St. Cercyra, along with Seven Others, at Corfu
St. Cercyra was the daughter of the king of the island of Corfu. She became a follower of Jason and Sosipater (Rom. 16:21), whom the Apostle Paul called his kinsmen. These two apostles came to the island of Corfu, where they succeeded in building a church dedicated to St. Stephen the Protomartyr and in bringing many unbelievers to Christ.
The king of Corfu threw them into prison, along with seven robbers. The apostles converted the seven robbers to the Christian faith. The king commanded that these seven be put to death in boiling pitch, and they thus received the wreath of martyrdom.

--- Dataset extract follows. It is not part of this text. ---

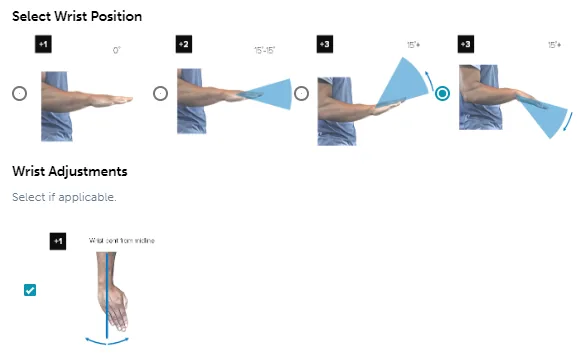 RULA step 3 wrist position choices from neutral (+1) to more than 15 degrees of flexion or extension (+3), and +1 for a wrist bent from the midline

After this, while the king was questioning the apostles, his daughter, Cercyra, looked through a window and witnessed the torture of these men of God. Discovering the reason for it, she proclaimed herself a Christian and gave all her jewels away to the poor.
The king was filled with wrath against his daughter and shut her up in a separate prison. Failing to turn her from Christ, he ordered that the prison in which she was housed be burned to the ground. The prison was consumed by fire, but Cercyra remained alive. Seeing this, many people were baptized into Christ.
The furious king then ordered that his daughter be bound to a tree and killed with arrows. After her death, those who had come to believe in Christ fled to a nearby island. The king set off in a boat to arrest them, but the boat overturned in the sea and he perished.
The new king accepted the Christian faith and was baptized, receiving the name Sebastian. Jason and Sosipater freely preached the Gospel and strengthened the Church of God in Corfu into old age. There they finished their earthly course and went to the courts of the Lord.